[WORKING DATA]
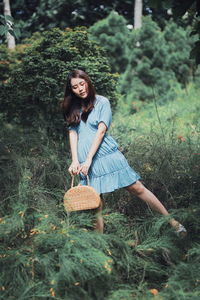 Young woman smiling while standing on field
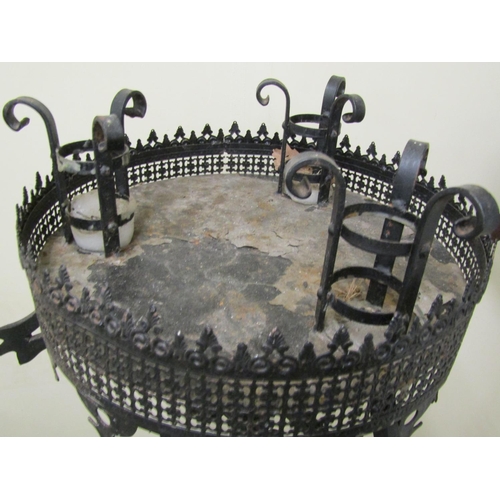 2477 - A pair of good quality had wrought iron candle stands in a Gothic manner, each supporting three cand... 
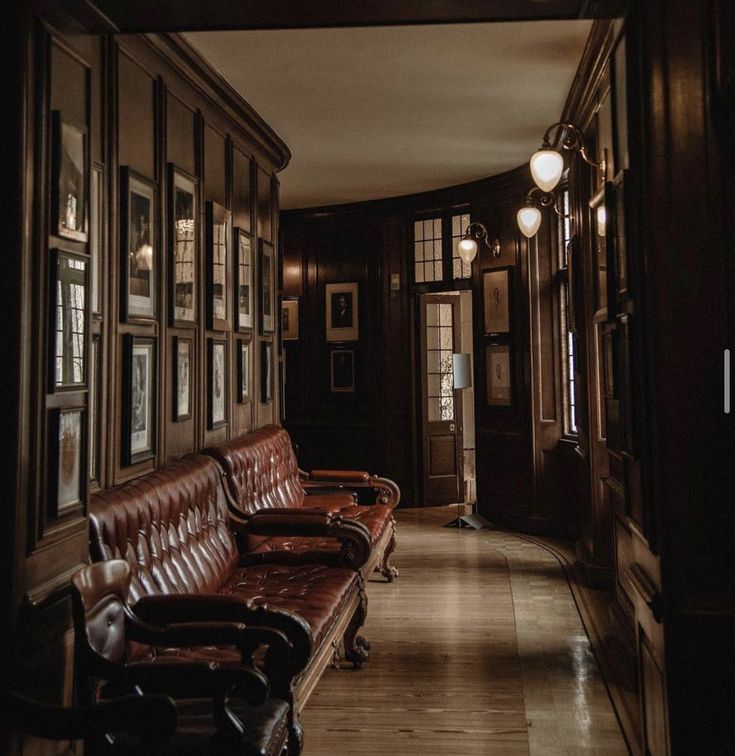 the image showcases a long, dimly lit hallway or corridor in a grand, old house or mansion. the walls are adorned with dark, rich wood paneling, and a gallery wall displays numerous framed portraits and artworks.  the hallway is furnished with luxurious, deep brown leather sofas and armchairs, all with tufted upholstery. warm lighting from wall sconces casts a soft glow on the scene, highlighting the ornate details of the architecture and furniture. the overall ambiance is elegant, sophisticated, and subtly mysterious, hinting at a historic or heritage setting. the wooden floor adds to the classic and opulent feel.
==
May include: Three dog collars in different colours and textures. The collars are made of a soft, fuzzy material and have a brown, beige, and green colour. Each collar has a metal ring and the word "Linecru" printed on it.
--
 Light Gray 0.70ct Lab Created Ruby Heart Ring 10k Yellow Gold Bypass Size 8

[GOAL OF THE EXERCISE]
Out of the records above, set down only the lines from the one that contains "Young woman smiling while standing on field" through the one that contains "2477 - A pair", unchanged and without the pictures.

[ANSWER BOX]
 Young woman smiling while standing on field
 2477 - A pair of good quality had wrought iron candle stands in a Gothic manner, each supporting three cand... 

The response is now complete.